╭─ The data

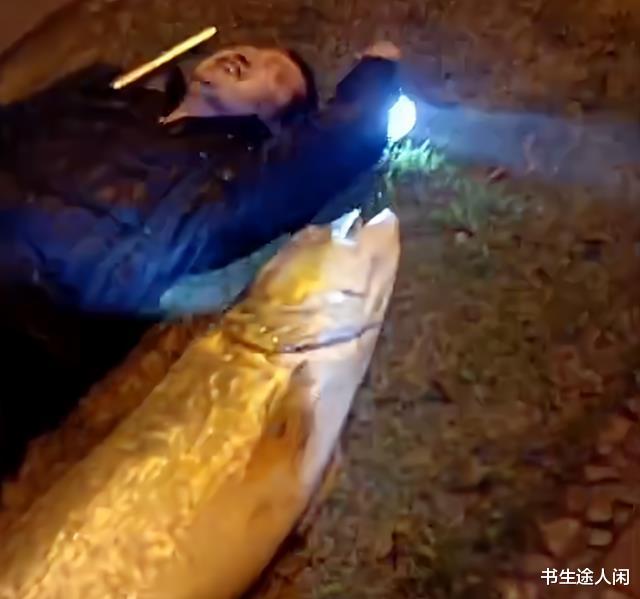 |湖南一男子钓获米级水老虎，溜鱼花了1小时，朋友激动地躺在地上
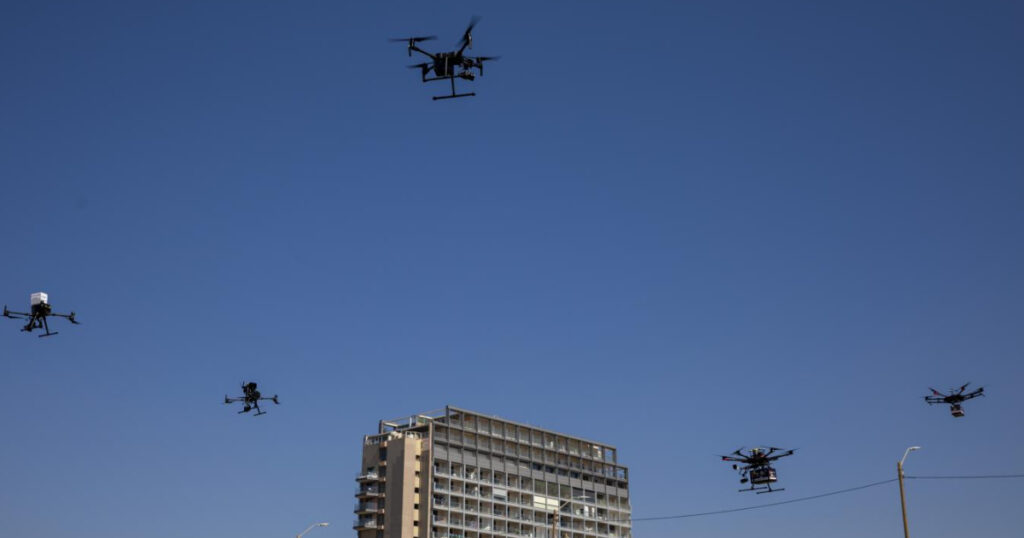 Raid ucraino su una delle più grandi raffinerie della Russia. Romania: "Un drone di Mosca ha violato il nostro spazio aereo"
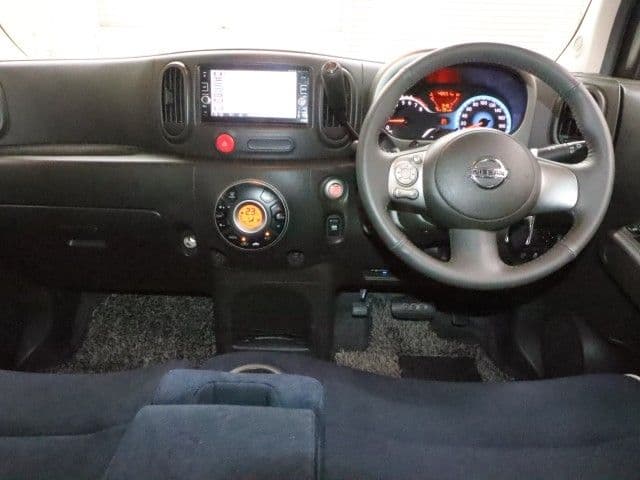Car thumbnail 3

╰─

- Requirement
Apart from the pictures, all of the data should be repeated exactly.

- Exercise response
 |湖南一男子钓获米级水老虎，溜鱼花了1小时，朋友激动地躺在地上
 Raid ucraino su una delle più grandi raffinerie della Russia. Romania: "Un drone di Mosca ha violato il nostro spazio aereo"
Car thumbnail 3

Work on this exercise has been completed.